Pride International Inc. (PDE) reported its third quarter results of 48 cents per share, compared to the Zacks Consensus Estimate of 42 cents and the year-earlier earnings of 82 cents. Before adjusting one-time items, the earnings were 45 cents. 

While the earnings came in above expectations, they were significantly lower from the year-earlier level mainly due to lower utilization. The company’s deepwater and midwater fleets were experiencing lower utilization rates due to out-of-service time. 

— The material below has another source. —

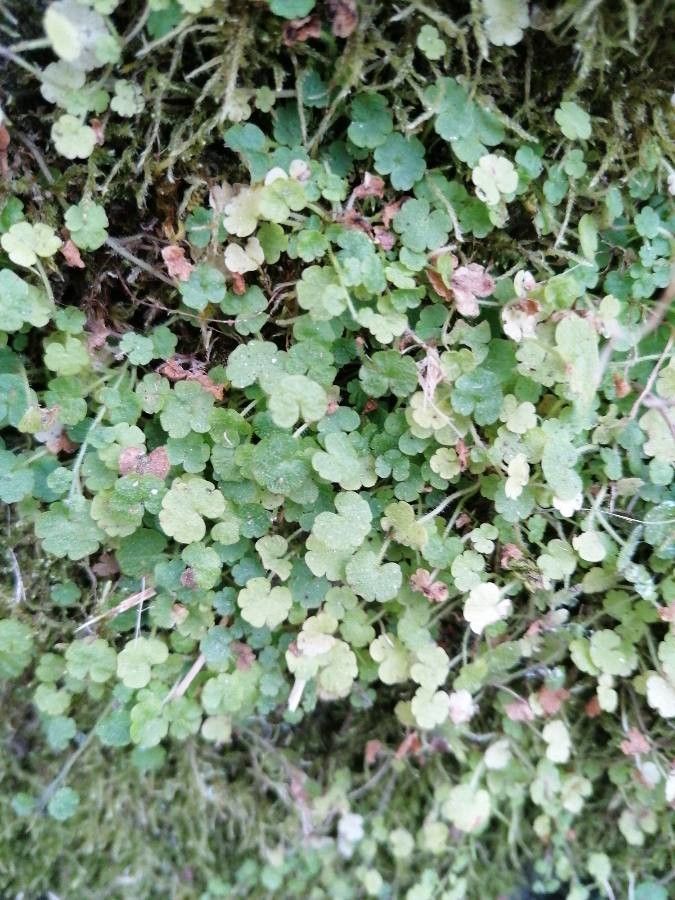 Sibthorpia europaea — search result for 'Campanulaceae'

Revenue from Pride’s eight-rig Deepwater fleet was $191.8 million, down approximately 32% sequentially. Deepwater operating earnings also decreased nearly 43% sequentially to $71.8 million. The sequential decrease in revenue was primarily due to lower utilization level. Average dayrate for the Deepwater fleet was $343,200 during the quarter, compared to $338,500 in the last quarter. Utilization of the Deepwater fleet was 76%, compared to 95% in the last quarter and 98% in the year-earlier quarter. As of Sep 30, 2009, the company had 100% of the available rig days in its Deepwater segment under contract in 2009, 98% in 2010, 82% in 2011 and 67% in 2012. 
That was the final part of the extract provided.